BEGIN DATA FOR THIS TASK

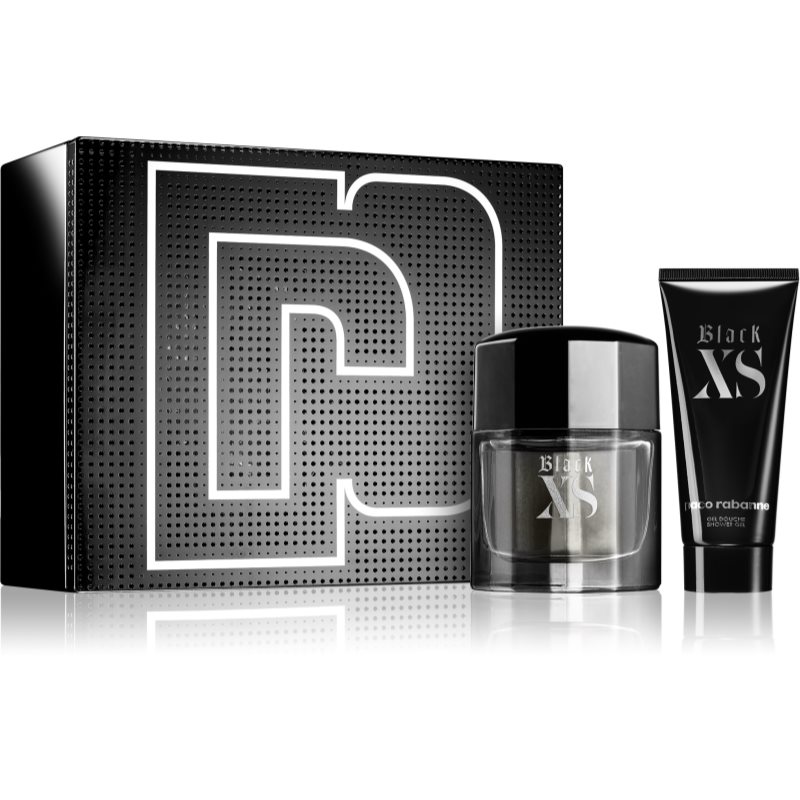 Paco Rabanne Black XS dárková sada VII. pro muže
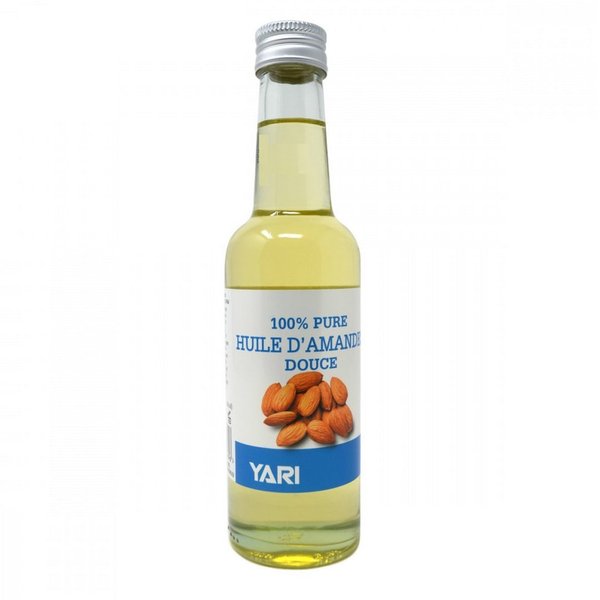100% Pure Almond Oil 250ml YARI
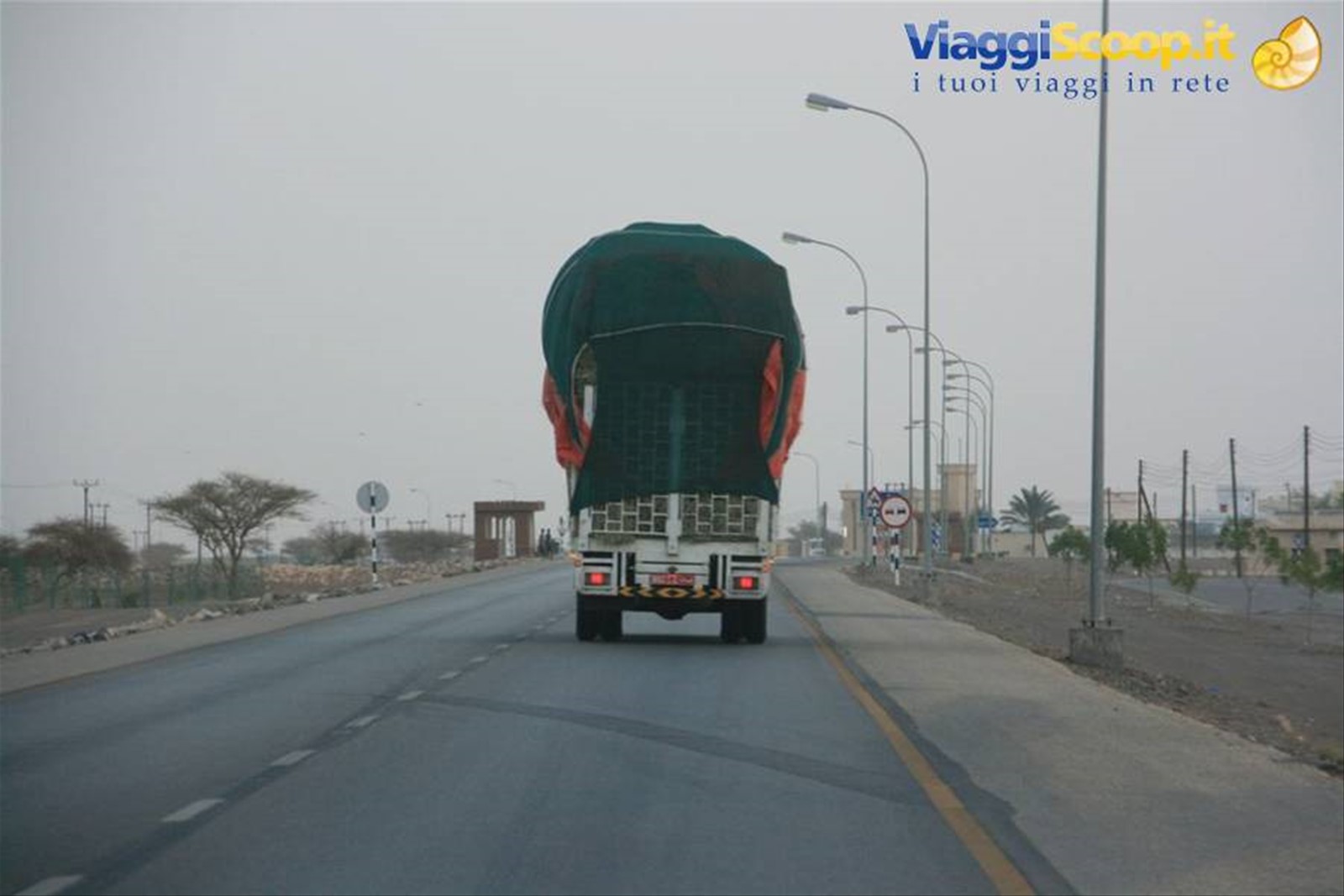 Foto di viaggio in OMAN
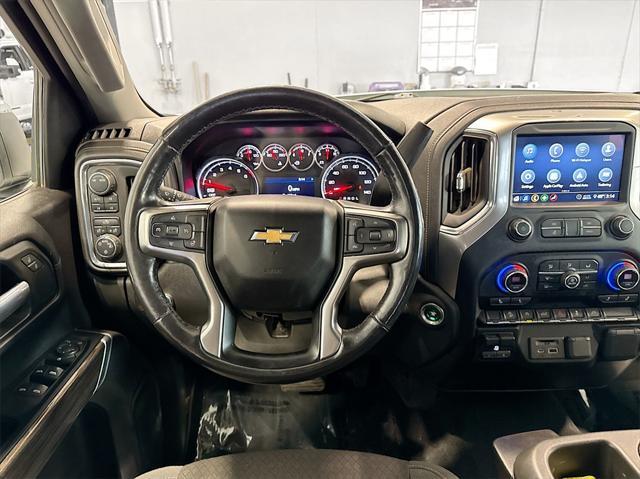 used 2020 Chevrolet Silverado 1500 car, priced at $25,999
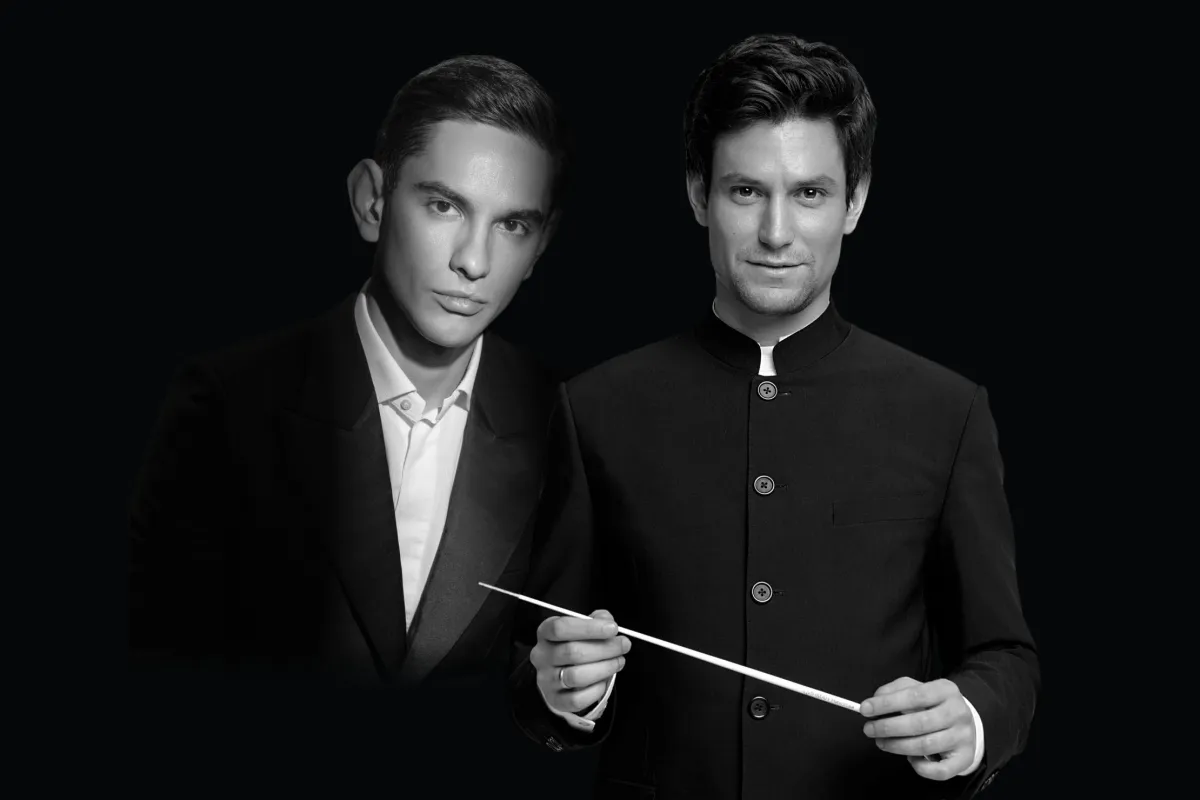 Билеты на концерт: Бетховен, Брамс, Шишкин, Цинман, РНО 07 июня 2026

END DATA FOR THIS TASK
BEGIN DATA FOR THIS TASK

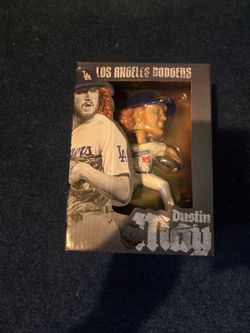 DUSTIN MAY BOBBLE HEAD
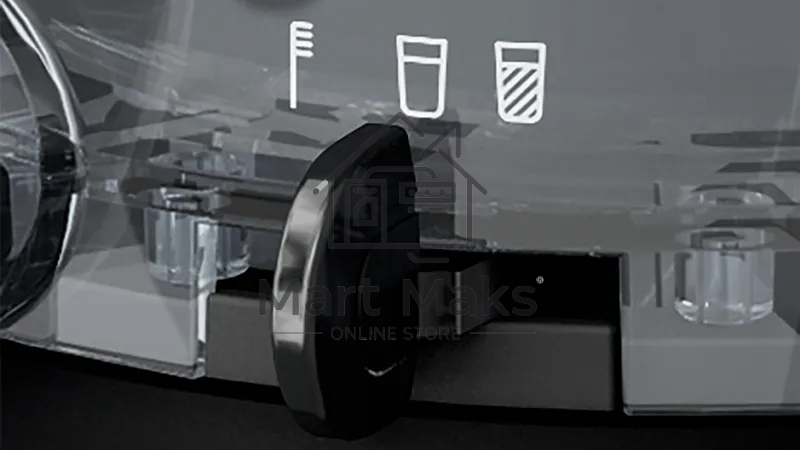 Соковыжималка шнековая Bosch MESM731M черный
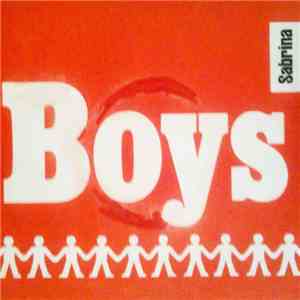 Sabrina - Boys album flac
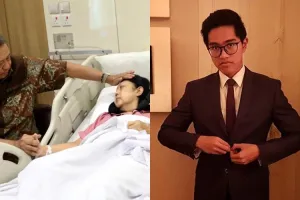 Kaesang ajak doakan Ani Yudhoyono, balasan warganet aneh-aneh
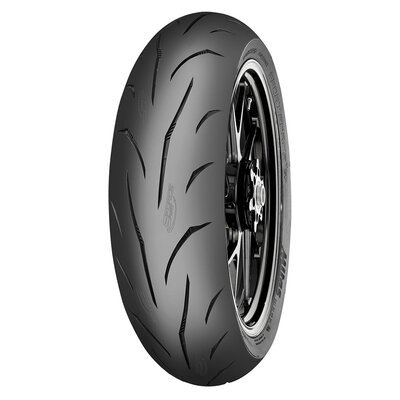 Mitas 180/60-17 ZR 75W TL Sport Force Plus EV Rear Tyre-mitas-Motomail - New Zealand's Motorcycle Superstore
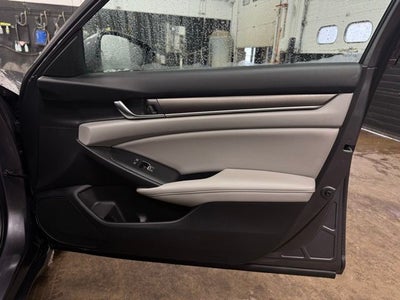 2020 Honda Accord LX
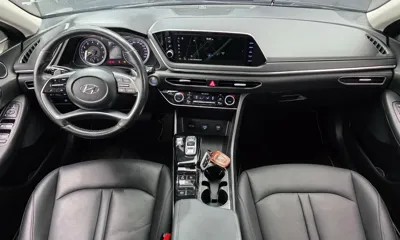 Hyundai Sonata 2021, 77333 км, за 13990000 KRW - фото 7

END DATA FOR THIS TASK
BEGIN DATA FOR THIS TASK

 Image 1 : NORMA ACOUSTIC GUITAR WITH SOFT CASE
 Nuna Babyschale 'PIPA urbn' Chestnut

END DATA FOR THIS TASK

WHAT TO PRODUCE:
Above are some entries. Restate word for word the lines from the one holding "2020 Honda Accord LX" through the one holding "Hyundai Sonata 2021, 77333", but not the pictures.

RESULT OF THE EXERCISE:
 2020 Honda Accord LX
 Hyundai Sonata 2021, 77333 км, за 13990000 KRW - фото 7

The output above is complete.